China’s relationship with the military leadership, especially Min Aung Hlaing, is tinged with suspicion and declining confidence, based on China’s support for some armed ethnic groups with Chinese roots on the borders. In parallel, the army has tried over the past years to reduce dependence on importing weapons from China and heading towards Russia and India.
It can be said that China, contrary to the belief that it achieves more significant gains under authoritarian governments, and suffers losses in dealing with democratic countries, is one of the big losers from the February 1 coup in Myanmar. The unilateral vision of the equation of democracy against dictatorship as a determinant of China’s foreign policy lacks precision, especially in relations with Southeast Asian countries. For example, the democratically elected populist President of the Philippines, Rodrigo Duterte, brought his country closer to China. Simultaneously, the military-backed government in neighboring Thailand remained a vital ally of the United States.
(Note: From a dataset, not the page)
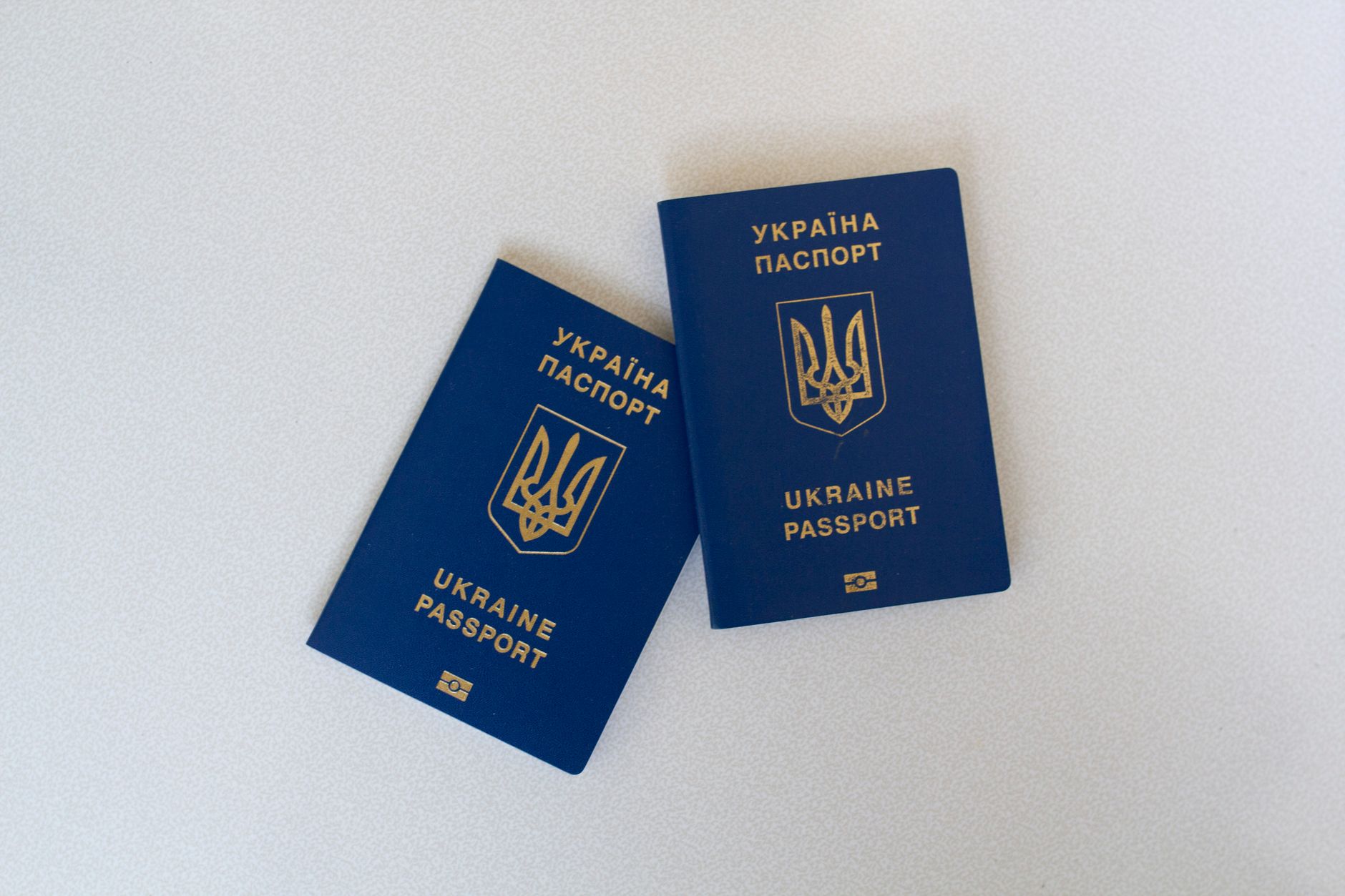 International Pet Passport: What It Is and How It Differs From Health Certificates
Beijing diplomatic maneuvers
However, China resisted pressure from Washington to force it to “condemn” the coup. On February 2, China and Russia resorted to veto to prevent Western countries in the council from issuing a statement condemning the coup. However, at the same time, it did not welcome the coup or express its open support for it. It was noticeable that China was hesitant to condemn the coup and to try to stand at the same distance from all sides. On February 3, Chinese Foreign Ministry spokesman Wang Wenbin said that assumptions that China supported the coup or gave it tacit approval were incorrect, expressing Beijing’s wishes “for all parties in Myanmar to resolve their differences properly and support political and social stability.” With the onset of the coup, the official Chinese Xinhua agency described the coup as a “broad government reshuffle” as it was a semantic step that reveals Beijing’s intentions. On February 4, however, it was noted that China did not object to the Security Council’s statement, which demanded the speedy release of Aung San Suu Kyi and its aides, and expressed concern about the state of emergency imposed in the country.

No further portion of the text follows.